• Your instructions: Each line of data below must be printed exactly as written, with any pictures removed.

• Collected data:
>>>
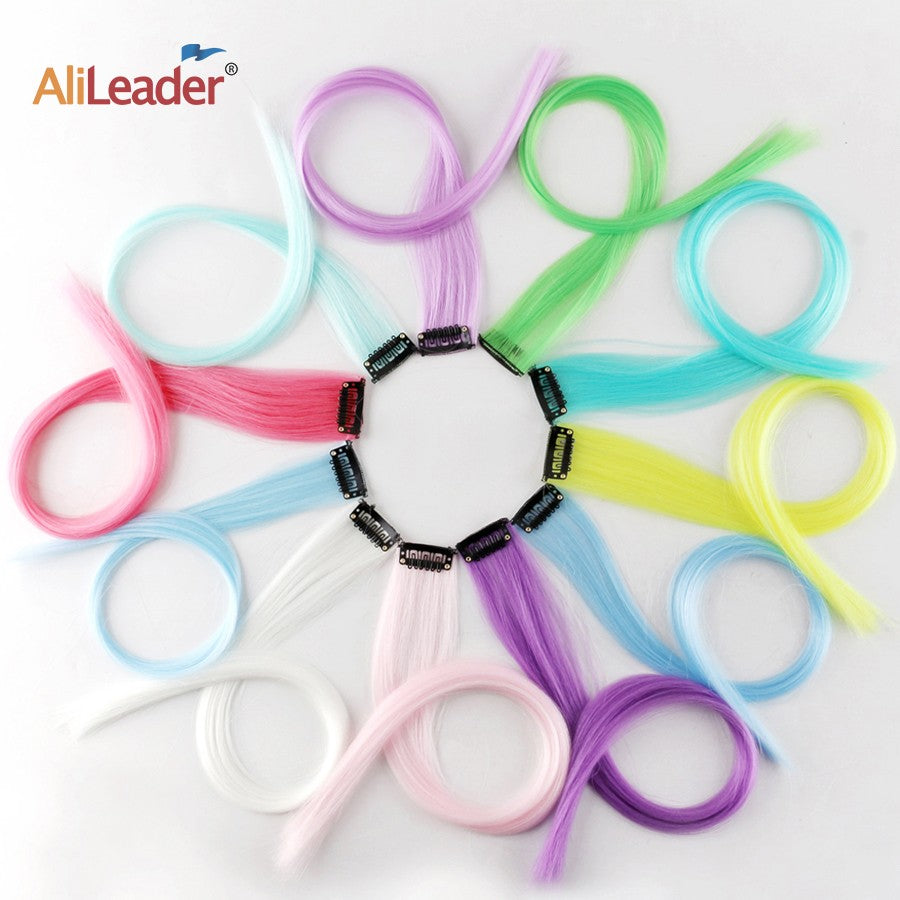 Glowing In The Dark Hair Extensions 20Inch 11Colors Synthetic Hair Clip In Luminous Colored Hairpieces Rainbow Hairpiece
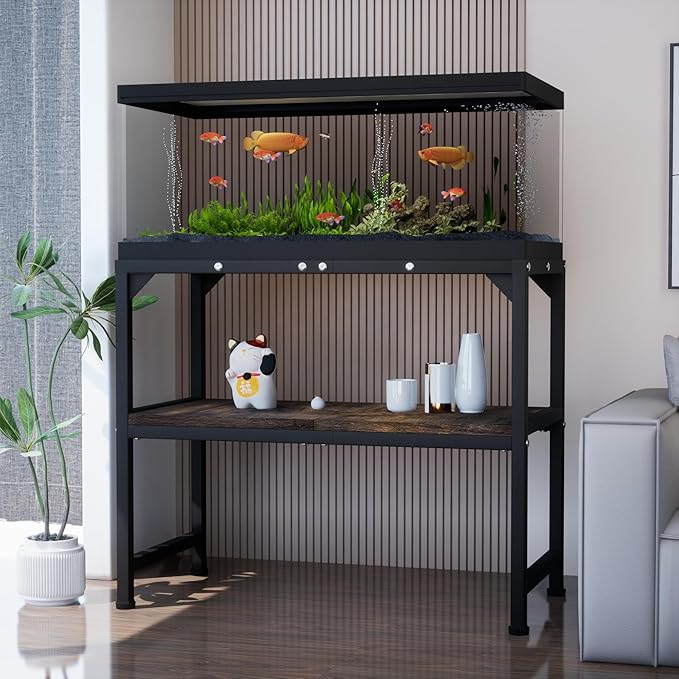 10-20 Gallon Fish Tank Stand, Metal Aquarium Stand with Adjustable Non-Slip Foot and Wooden Shelf, Reptile Tank Stand Easy to Assemble for Home Office, Firm and Steady(Tank not Included)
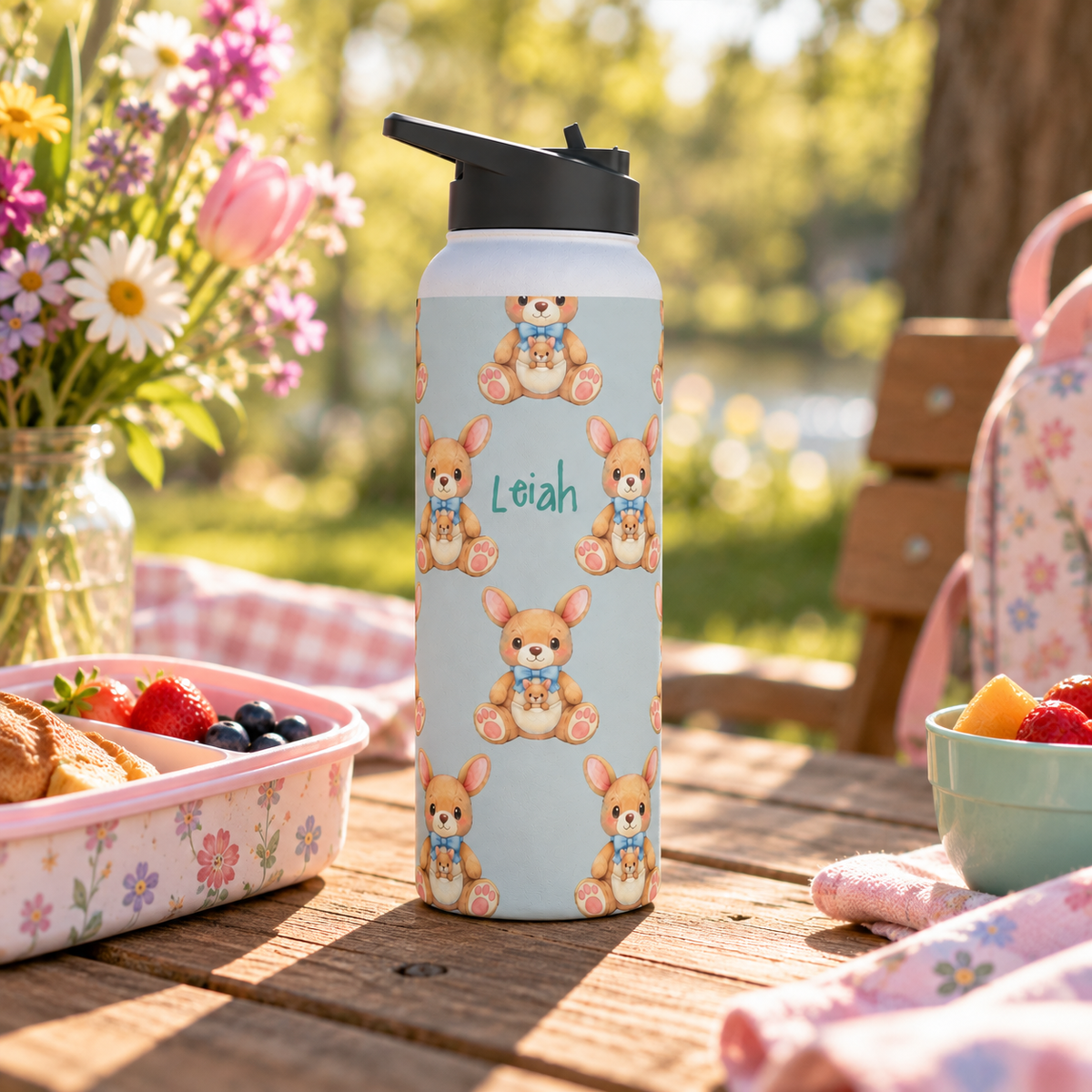 Personalized Water Bottle - Baby Zebra Custom Name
<<<
• Response:
 Glowing In The Dark Hair Extensions 20Inch 11Colors Synthetic Hair Clip In Luminous Colored Hairpieces Rainbow Hairpiece
 10-20 Gallon Fish Tank Stand, Metal Aquarium Stand with Adjustable Non-Slip Foot and Wooden Shelf, Reptile Tank Stand Easy to Assemble for Home Office, Firm and Steady(Tank not Included)
 Personalized Water Bottle - Baby Zebra Custom Name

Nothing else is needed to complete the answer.